# [EXERCISE GOAL]
Carry over every entry exactly as written, though not the pictures it contains.

# [INFORMATION]
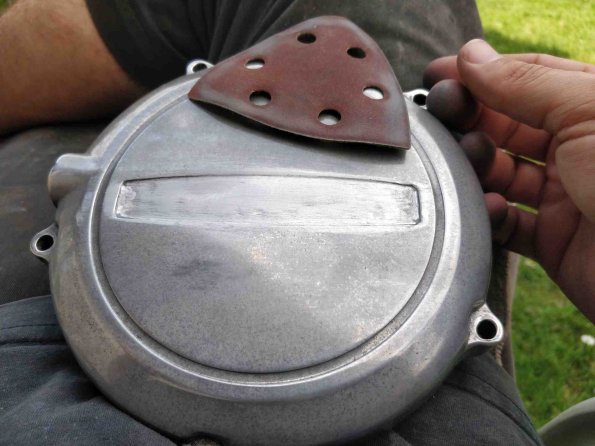 Trockenschliff 120er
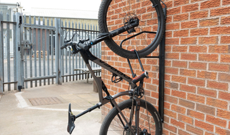Vertical Bicycle Parking Wall Rack
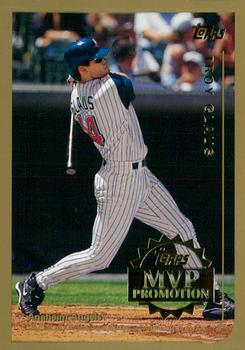 1999 Topps - MVP Promotion #NNO Troy Glaus Front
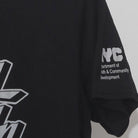 Close-up of the Right sleeve on the Vintage Y2K NYC DYCD "Step It Up" T-Shirt - M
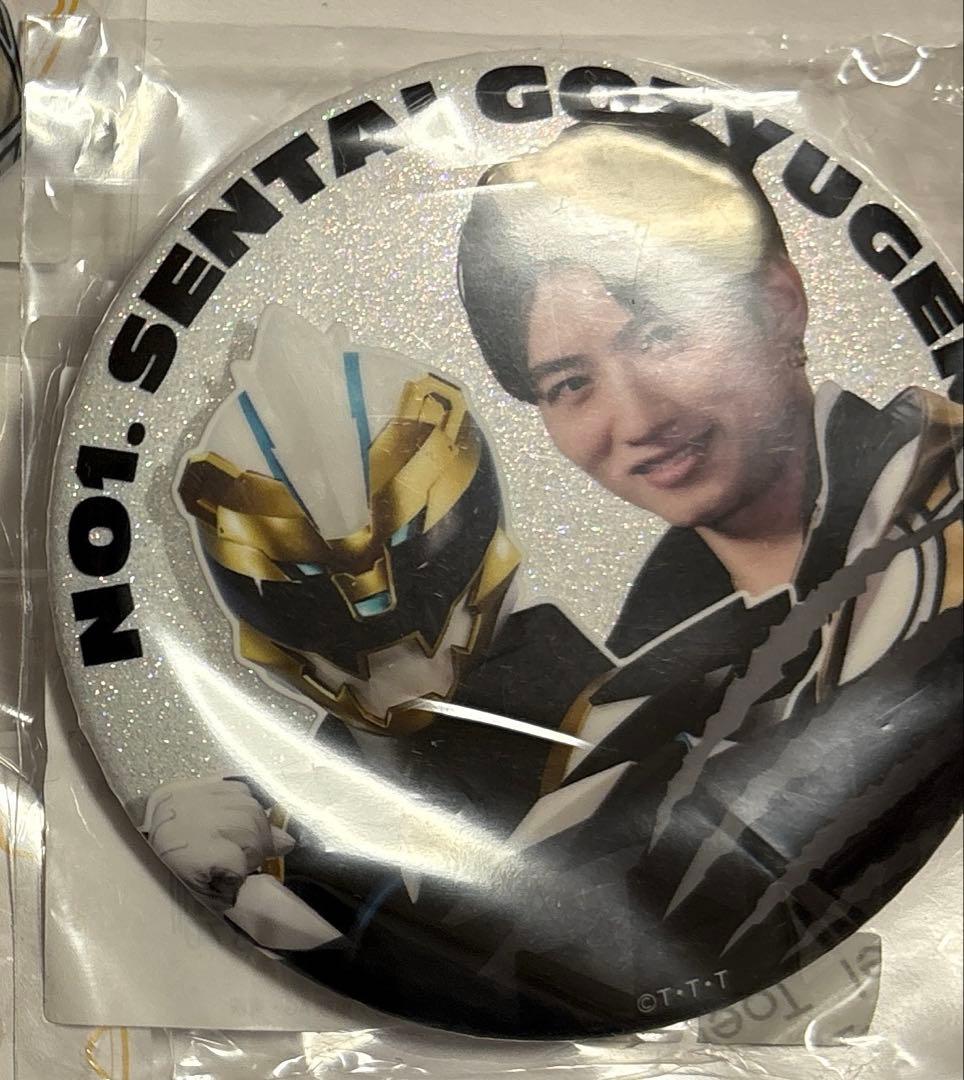 スノー　Ａ賞缶バッジ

# [ANSWER SECTION]
 Trockenschliff 120er
Vertical Bicycle Parking Wall Rack
 1999 Topps - MVP Promotion #NNO Troy Glaus Front
 Close-up of the Right sleeve on the Vintage Y2K NYC DYCD "Step It Up" T-Shirt - M
 スノー　Ａ賞缶バッジ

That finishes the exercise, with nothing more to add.